Just got into the office and I can confirm that the cables have been wired up this way.

Here's the deal: I left Ping Plotter on overnight pinging our PDC at 15 second intervals. Got into work this morning and found RED EVERYWHERE! Here's a summary:

Target Name: N/A
IP: 192.168.1.101
Date/Time: 29/01/2004 19:26:48 to 30/01/2004 09:21:14

Hop Sent Err PL% Min Max Avg Host Name / [IP]
1 20000 5392 27.0 0 1 0 [192.168.1.101]

So out of 20000 packets sent, 27% of them have been errors :Q:Q

 

suklee

Diamond Member
Oct 9, 1999
4,585
10
81
I've installed Ping Plotter on a couple other machines, and they too show PL pinging our PDC and mail server at exactly the same time.

The switch has to go.

Now, for a small office network (less than 16 computers) do I need VLAN, QOS, etc.? i.e.

Level One FSW-1620TX ~US100
16 10/100 Mbps copper ports
Store-and-Forward technology
filtering/forwarding is used to eliminate bad packets
Back-Pressure function for Half-Duplex operation
IEEE802.3x flow-control supports for Full-Duplex operation
Auto-MDI/MDIX and Auto-Negotiation functions at each port
LEDs on front panel for easy access and real time viewing status of Switch

Level One FSW-1640TX ~US115
Same as 1620, but:
Supports port-based VLAN and trunking
Supports Qos function based on IEEE 802.1p port base & MAC base priority

Level One FSW-1610TX ~US108
up to 16KB MAC address table
1MB buffer memory

As you can see, these differ not by a lot of $, so do I just go for the most expensive out of these three?

Even more confusing to me are switches in the US60 price range, for example "Buffalo", "Micronet", or "Practical" 16-port switches. I could not even find information on the net about these. Should I avoid these like the plague and go for a slightly higher quality switch?

Thanks in advance.

 

Garion

Platinum Member
Apr 23, 2001
2,327
4
81
If it's your server, do you know that it's really the switch? Do you have speed/duplex problems causing packet loss? Do you have a bad NIC that's going down? A bad cable? Try a new cable on a new switch port and see if it helps. Also try to lock the server NIC to 100/full and see how that works.

- G
 

suklee

Diamond Member
Oct 9, 1999
4,585
10
81
Sorry, please bear with me here... :eek:

Do you have speed/duplex problems causing packet loss?
How would I go about determining that?

Do you have a bad NIC that's going down?
One bad NIC in a network can cause problems? I seem to recall reading about "broadcast storms" from a dying NIC.. might this be what is happening, and causing problems?

A bad cable?
Again, can one bad cable somewhere on the network cause problems as described?

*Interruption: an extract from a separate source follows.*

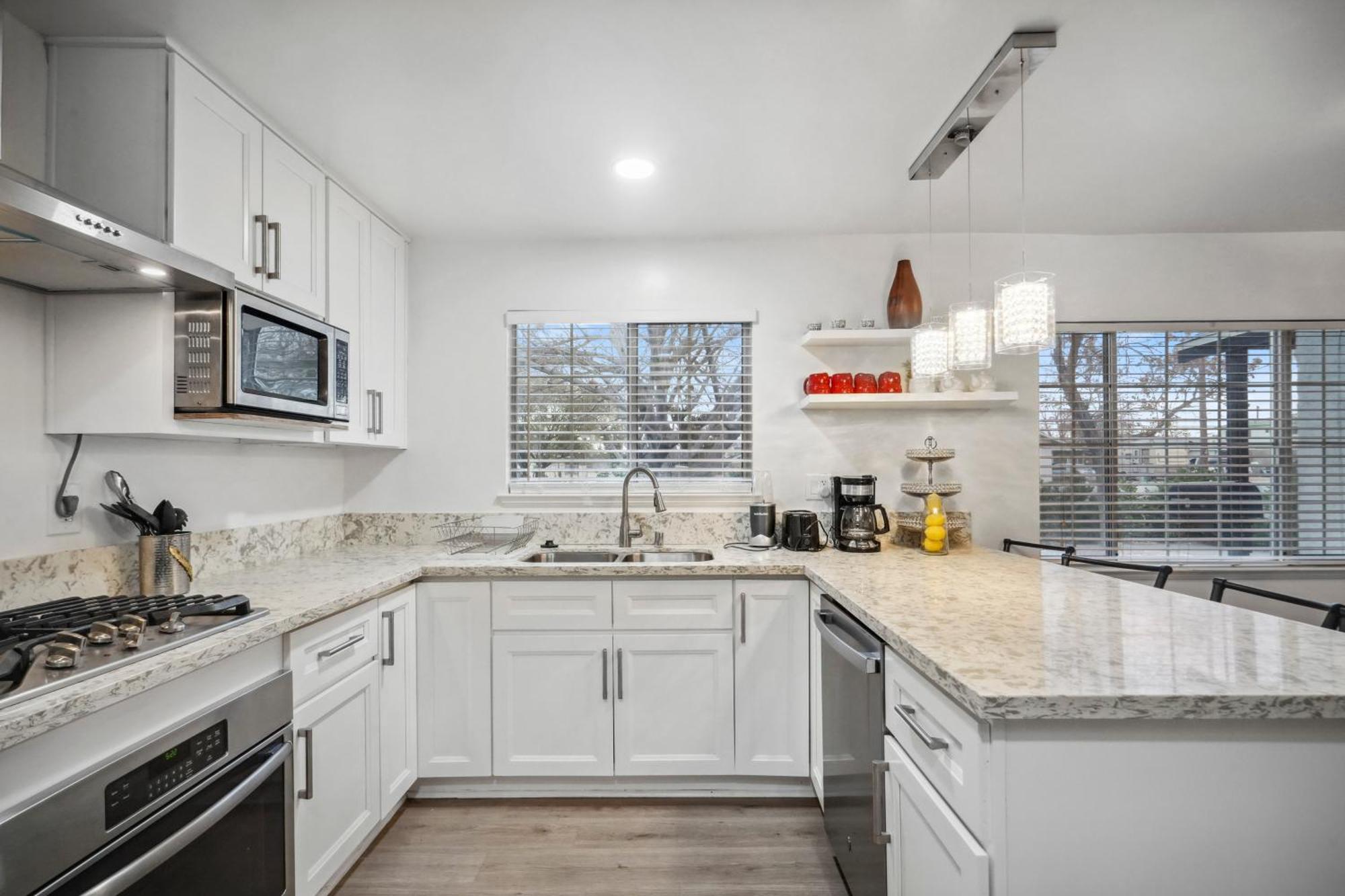 Cozy Single Story 2 Bdrm Family Home Near The Blvd Lancaster Exterior photo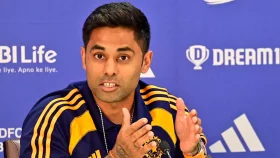 'রুম বন্ধ করো, মোবাইল অফ করে ঘুমিয়ে পড়ো&rsquo;&ndash; পাকিস্তান ম্যাচের আগে সূর্যকুমারের মন্ত্র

It is my server, and no, I am still not 100% sure it is the switch. So far, the only thing I can conclude is that PL appears to affect all 3 machines that have Ping Plotter running.

Perhaps, afterhours, I can plug the two servers, my machine, and another machine directly into the router (only 4 ports) and test with Ping Plotter? That wouldn't eliminate bad cables or a bad NIC somewhere on the network though, if it worked...

Thanks again for your patience, Garion and Spidey.
 

suklee

Diamond Member
Oct 9, 1999
4,585
10
81
Everyone's left work, so I shut down all workstations except the servers and my machine. Ran Ping Plotter again, pinging the mail server, and got a 30 second timeout, and just now, a 5 second timeout.

I'll leave it on overnight again and compare results to last night's run ...

This should eliminate "bad NICs" as a possible cause, as I'm sure the 3 servers and my machine have good NICs. It doesnt however eliminate bad cables (how about electrical interference??) nor a bad switch.
 

suklee

Diamond Member
Oct 9, 1999
4,585
10
81
It was the hub afterall! I went out and bought us a relatively cheap 16-port switching hub for ~US73. All problems are gone, according to an overnight run of ping plotter. ZERO PL! :D

thanks very much Spidey07 & Garion for your help :beer::beer::beer: